To confirm/establish the diagnosis in a proband, identification of a pathogenic variant in MFN2 is necessary.


MFN2 sequence analysis should be performed first. If no pathogenic variant is found by sequence analysis, deletion/duplication analysis of MFN2 should be considered.


If no pathogenic variant in MFN2 is identified by deletion/duplication analaysis, iterative molecular genetic testing strategies have been suggested for CMT based on extensive genetic testing results [Saporta et al 2011].

Predictive testing for at-risk asymptomatic adult family members requires prior identification of the pathogenic variant in the family.

Prenatal diagnosis and preimplantation genetic diagnosis (PGD) for at-risk pregnancies require prior identification of the pathogenic variant in the family.

Clinical Characteristics

Clinical Description

The age at onset and disease progression of Charcot-Marie-Tooth hereditary neuropathy type 2A (CMT2A) vary within and among families; onset ranges from age one year to the sixth decade. Most individuals develop symptoms in the first or second decade. The initial finding is often foot drop or foot weakness. Pes cavus foot deformity may occur.

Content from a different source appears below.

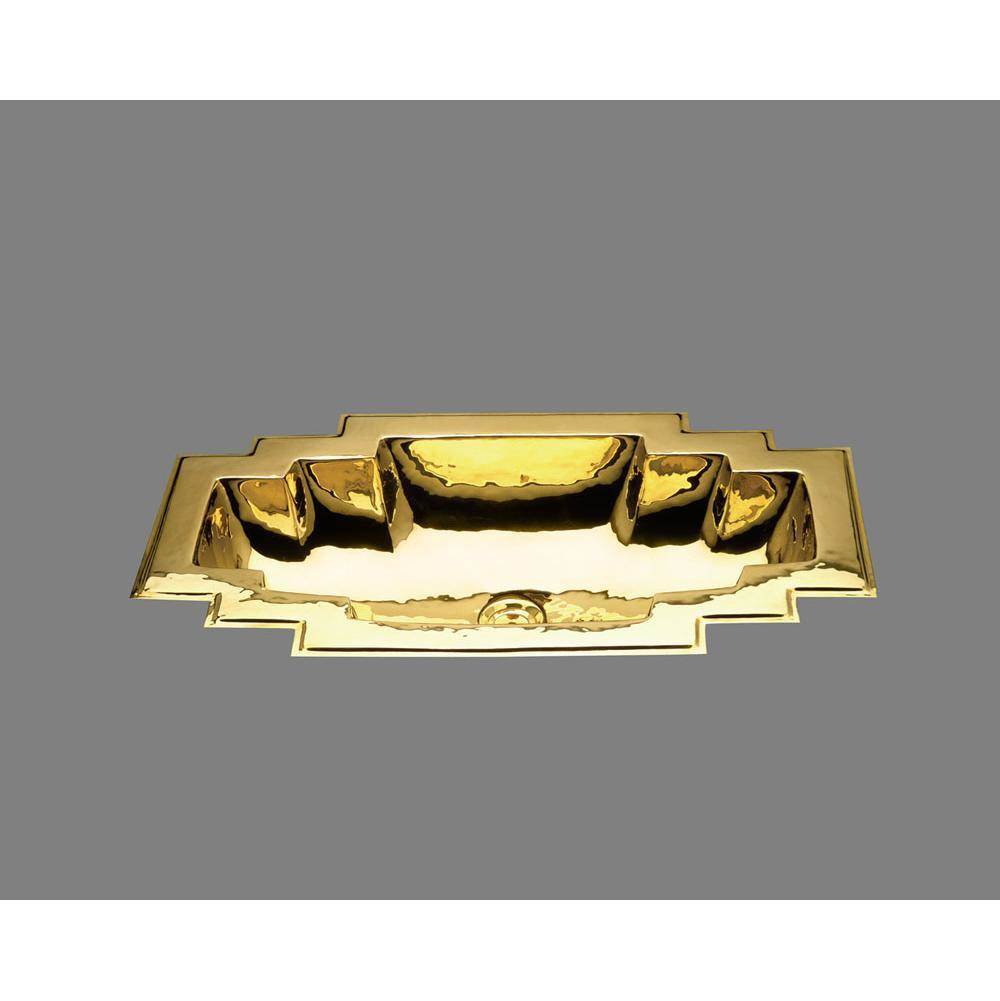 Alno B1118P Maya Small Art Deco Style Lavatory, Plain Pattern, Undermount and Drop In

Motor signs (weakness and atrophy) predominate, but mild sensory loss in the feet is common. Tendon reflexes are usually absent, but occasionally intact.

Some individuals with MFN2 pathogenic variants are asymptomatic and have only mild findings on examination; however, those could eventually convert to late-onset cases [Lawson et al 2005].

Postural tremor is common [Muglia et al 2001, Bissar-Tadmouri et al 2004].

Affected individuals with early onset (age <10 years) tend to have more severe disability than those with later onset [Chung et al 2006]. Those with early onset may show optic atrophy, hoarse voice, and proximal weakness. Subacute onset of optic atrophy with subsequent slow recovery in 60% of individuals with early onset was reported by Züchner et al [2006], and confirmed by Chung et al [2006] and Verhoeven et al [2006].

The disease course is progressive. Although some individuals become dependent on crutches or a wheelchair, most do not [Muglia et al 2001]. Life span is usually not reduced.

Neuroimaging. Periventricular and subcortical white matter lesions on brain MRI have been reported in a few individuals [Chung et al 2006, Züchner et al 2006].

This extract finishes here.